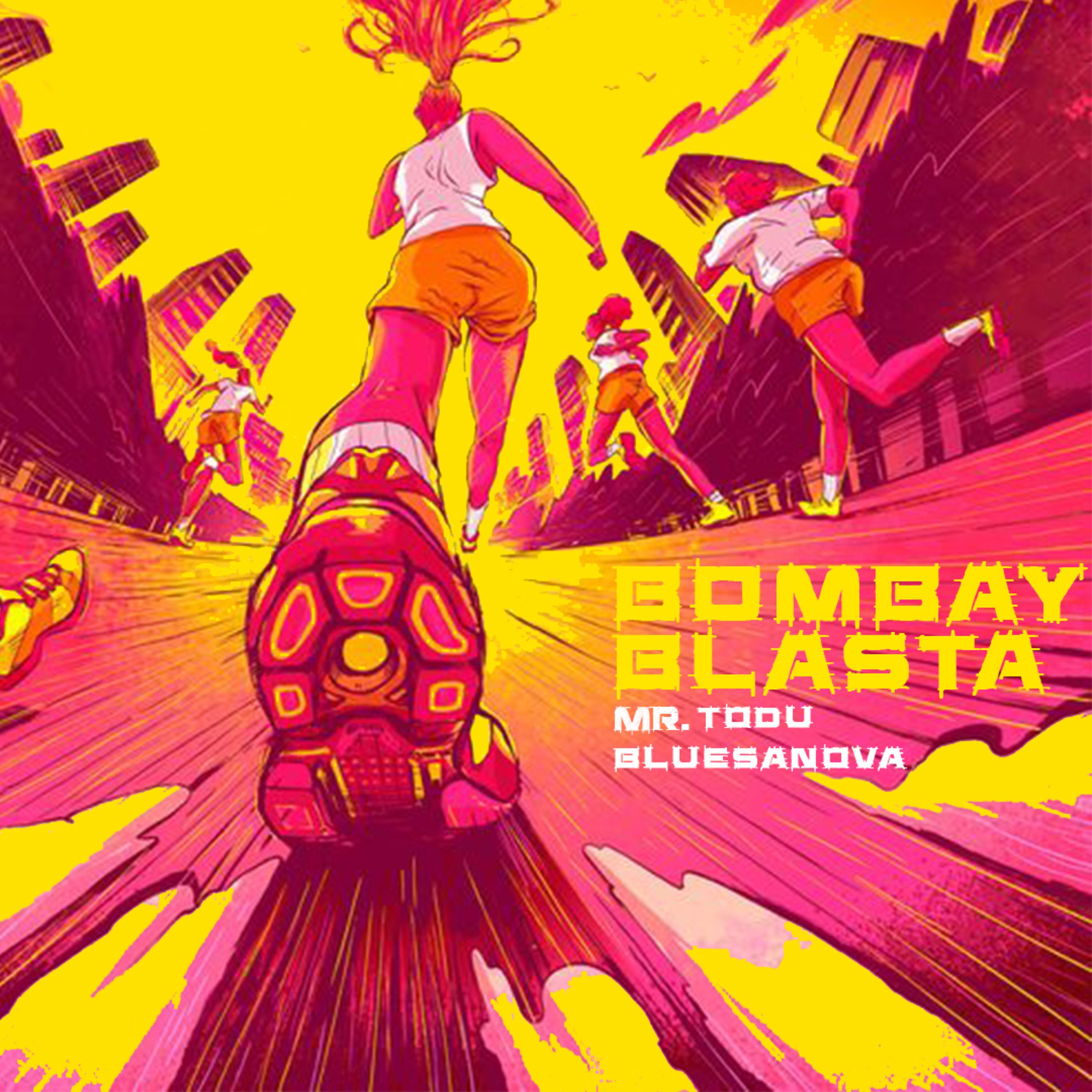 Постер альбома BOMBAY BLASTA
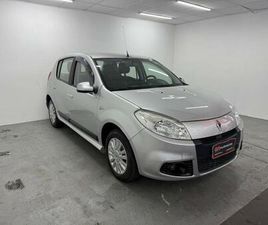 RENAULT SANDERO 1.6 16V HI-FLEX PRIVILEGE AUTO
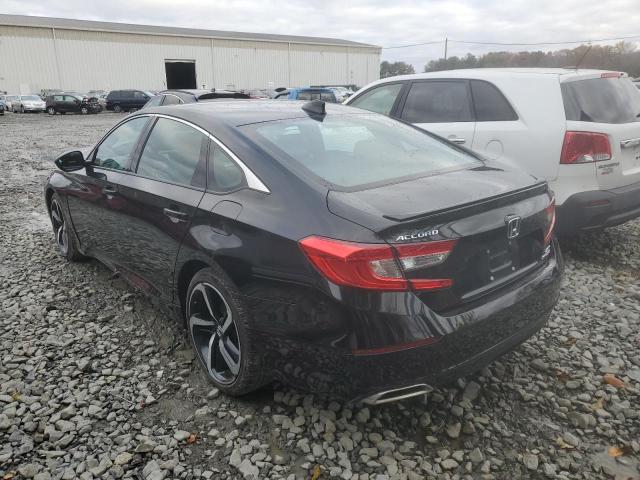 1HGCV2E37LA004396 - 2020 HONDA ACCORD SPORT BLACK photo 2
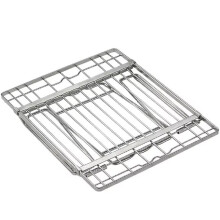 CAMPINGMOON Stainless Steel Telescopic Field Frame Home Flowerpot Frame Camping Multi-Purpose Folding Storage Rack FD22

*Exercise:* In the material above, retype exactly the lines that run from the one containing "RENAULT SANDERO 1.6" through the last line, and keep out the pictures.

*Exercise solution:*
 RENAULT SANDERO 1.6 16V HI-FLEX PRIVILEGE AUTO
 1HGCV2E37LA004396 - 2020 HONDA ACCORD SPORT BLACK photo 2
 CAMPINGMOON Stainless Steel Telescopic Field Frame Home Flowerpot Frame Camping Multi-Purpose Folding Storage Rack FD22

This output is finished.